Now let’s get to some specific problems with the study.
Legal and Commercial Barriers
Because offshore wind is so expensive, it happens only with large customer (and taxpayer) subsidies through a given state procurement program. For example, in New Jersey’s latest procurement, the developer is receiving $131/MWh in offshore wind renewable energy credits (ORECs) with a price escalator.6 Such procurements effectively or literally require all the wind generation to be delivered to the procuring state.7
Even if a developer were legally able to divert some generation elsewhere, it would have no reason to do so under programs like New Jersey’s where all project revenues are credited back to customers.8 And even if there were no revenue-crediting requirement, a developer isn’t going to divert wind generation elsewhere, such as to New York, except in hours when it could get more than $131/MWh.9 This rarely occurs, and when it does, it is likely that energy prices in New Jersey also would be high.
Energy Price Differences
Assuming the above legal and commercial barriers didn’t exist, let’s examine the study’s principal economic benefit claim: There are huge price differences between different East Coast regions such that there are huge customer savings to be had from moving power up and down the East Coast for injection onshore at different points. “In modeled estimates using the radial topology in 2050, price differences between suitable POIs [points of interconnection] for offshore wind averaged over $100/MWh”;10 for example, “approximately $130/MWh on average between ISO-NE and SERC.”11
This appears to be a mistake.
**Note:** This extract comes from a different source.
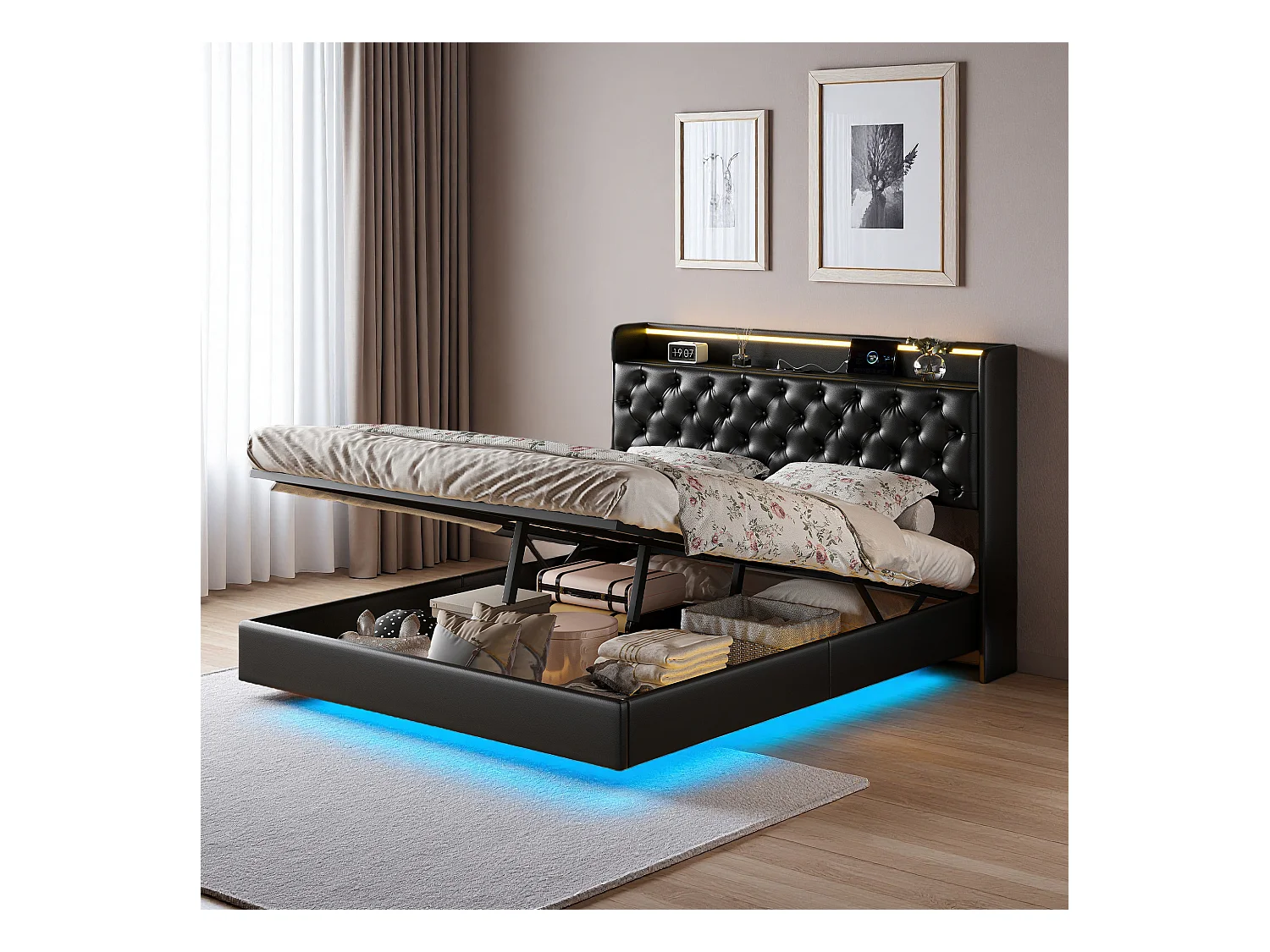 Lit flottant 140x200 cm avec sommier à lattes - cadre de lit coffre 140x200 cm avec LED et USB - Lit adulte 140x200 cm soldes - tissu en PU - noir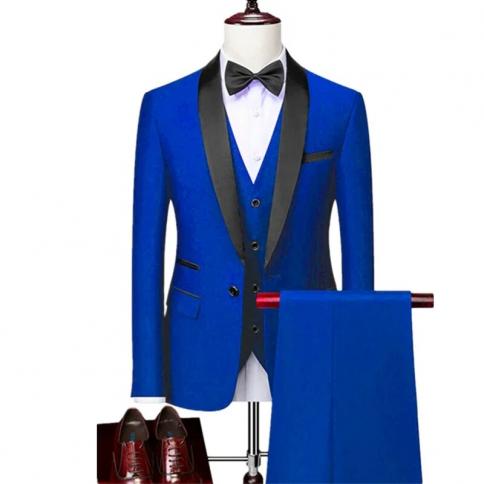 2023 אופנה חדש גברים בוטיק עסקים צבע אחיד צווארון שחור חליפת חתונה 3 יחידות סט בלייזרים מעיל שמלת מעיל מכנסיים v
For the year 2050, DOE’s Energy Information Administration projects average generation sector prices of $66.8/MWh in New England and $54.7/MWh in SERC East (South Carolina and the non-PJM portion of North Carolina).12 That is a difference of about $12/MWh, not $130/MWh. The biggest regional price difference is between New England and PJM-East (which contains New Jersey and the Delmarva Peninsula) with a difference of about $16/MWh.13 So there are no $100/MWh average regional price differences that an offshore transmission backbone could arbitrage for the benefit of customers.14 And even if there were, stakeholders subsidizing their state’s wind projects would be none too happy for their wind to be diverted elsewhere in times of high prices.
Oh, by the way, the study’s specific quantifications of customer energy savings are based on a production cost model.15 But, except for the Carolinas and Virginia, customers don’t pay production costs; they pay LMPs.
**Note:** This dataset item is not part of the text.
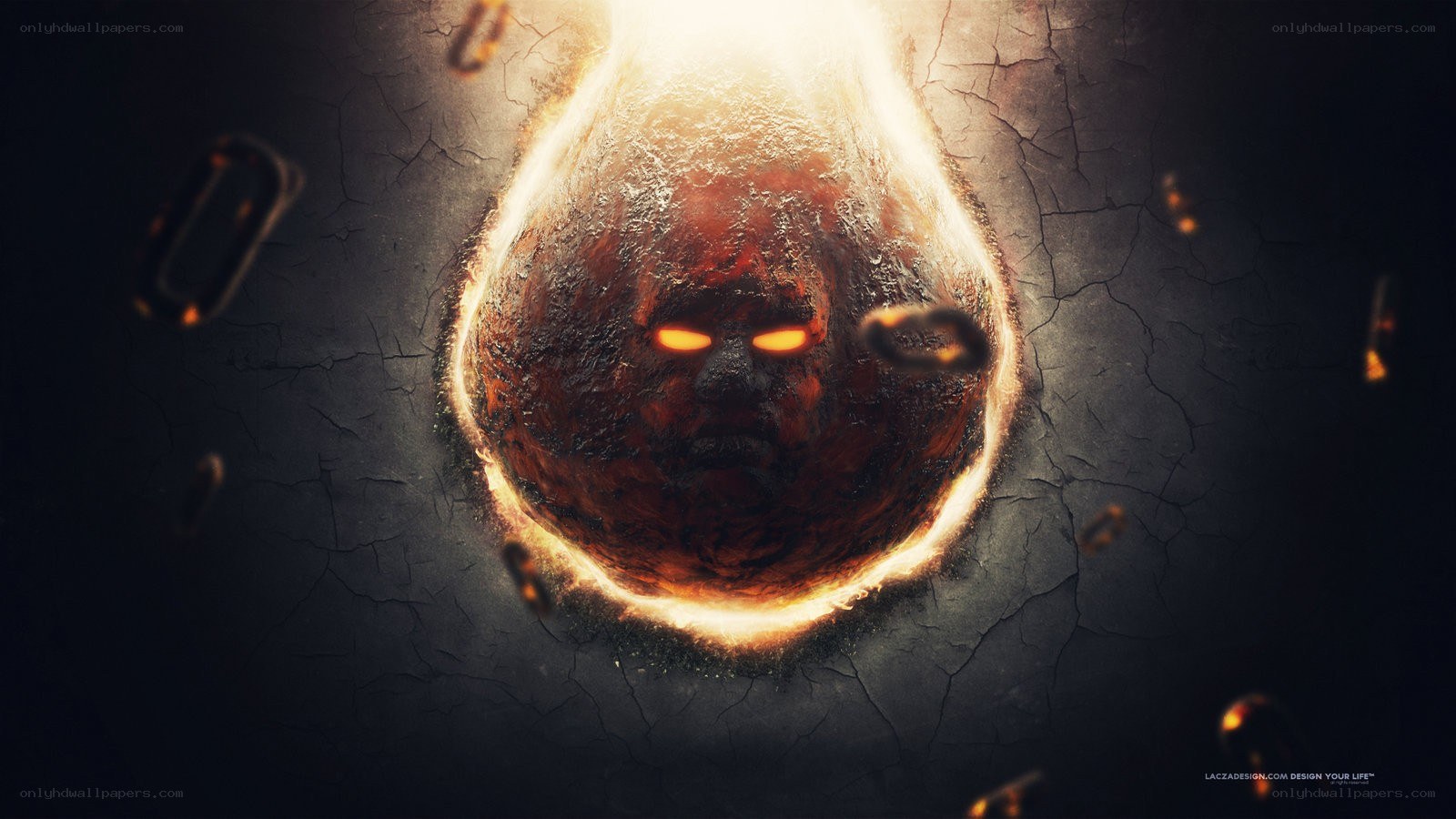 fiery demon face in cracked earth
And the study also implicitly assumes, contrary to actual experience, that resources could and would be dispatched efficiently among regions.16
Resource Adequacy
The study’s second biggest category of claimed benefits is resource adequacy. The study claims $940 million of incremental annual resource adequacy benefit in 2050, relative to a radial transmission design.17 The prime example is that PJM could rely on wind off the Carolinas to be delivered to PJM during peak conditions so the RTO would need less internal generation capacity.18
This also appears to be a mistake. PJM has FERC-approved capacity market rules to ensure resource adequacy that require external generation resources to give operational control to PJM so that external resources are functionally equivalent to internal resources.19 Stakeholders in wind projects off the Carolinas are not going to give PJM operational control.
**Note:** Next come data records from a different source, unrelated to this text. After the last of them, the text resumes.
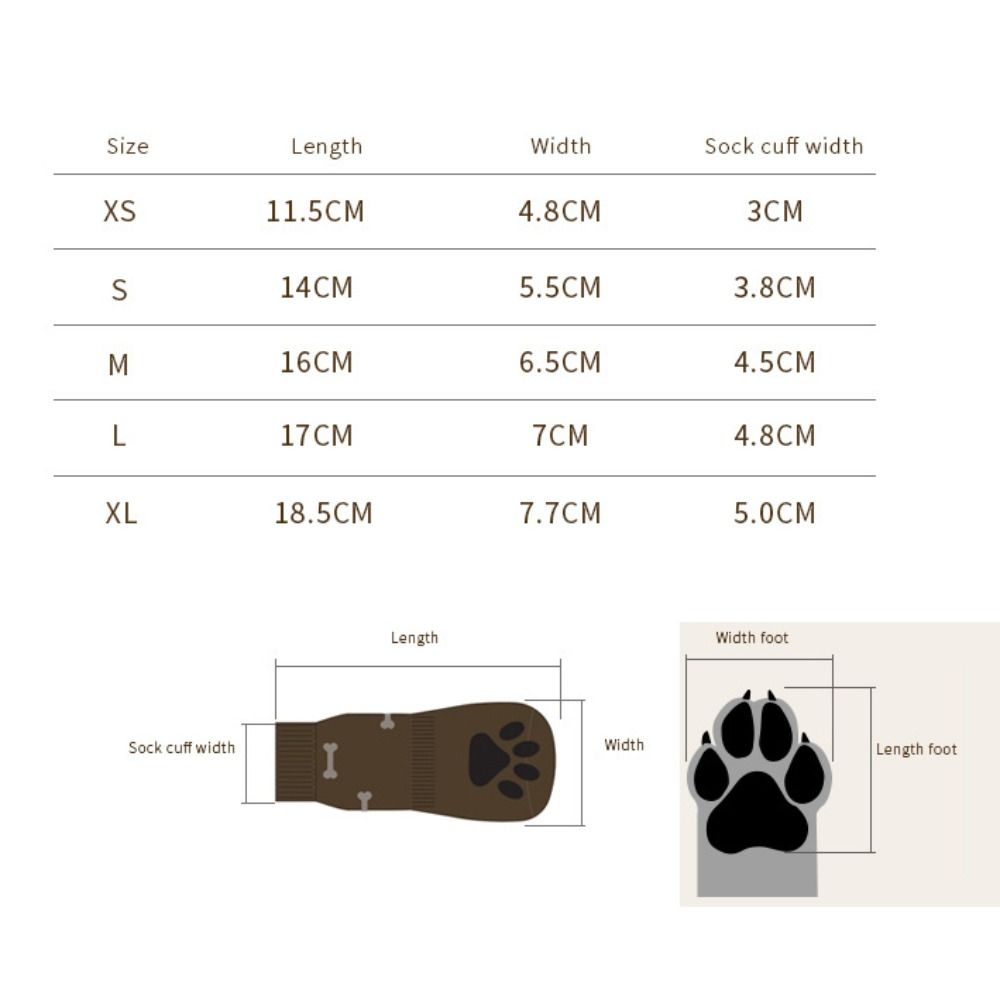 Anti-Slip Cozy Dog Socks Adjustable Band Anti-Scratch Noiseless Knitted Socks Strong Grip Anti-dirt Dog Paw Covers Wooden Floors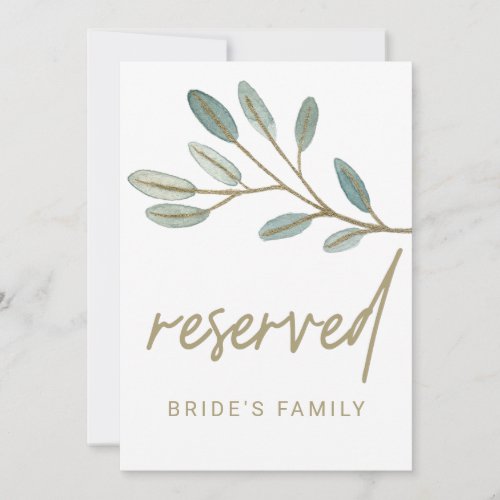 Gold Veined Eucalyptus Reserved Sign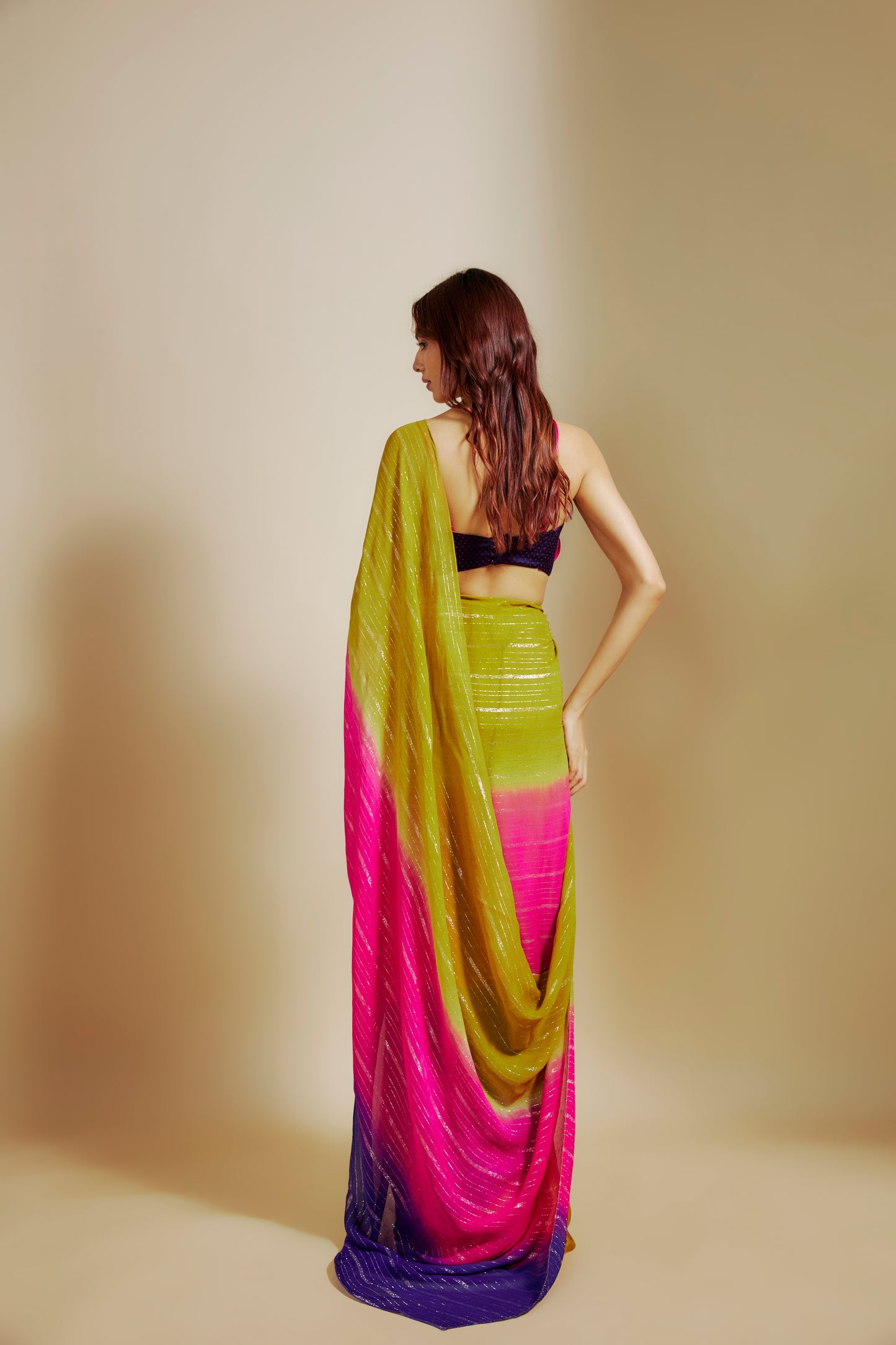 MUSTARD OMBRE SAREE WITH MULTI-COLOURED BLOUSE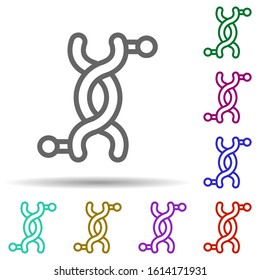Genetics, dna structure in multi color style icon. Simple thin line, outline vector of bioengineering icons for ui and ux, website or mobile application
And if I might pick a nit, the study says Carolina wind would be delivered to “winter-peaking parts of PJM” and specifies Maryland.20 None of the coastal states in PJM are winter peaking, including Maryland.21
Modeling Assumptions
The study has a couple modeling assumptions that seem to put thumbs on the scale.
First, the study assumes “limited [new onshore] interregional transmission.”22 Yes, despite new onshore interregional transmission being all the rage these days, the study assumes nothing is built for the next 26 years.23 If new onshore interregional transmission were built, any price/cost differences would decline as more energy would be deliverable from low-cost areas to high-cost areas, and backbone offshore transmission would be less valuable.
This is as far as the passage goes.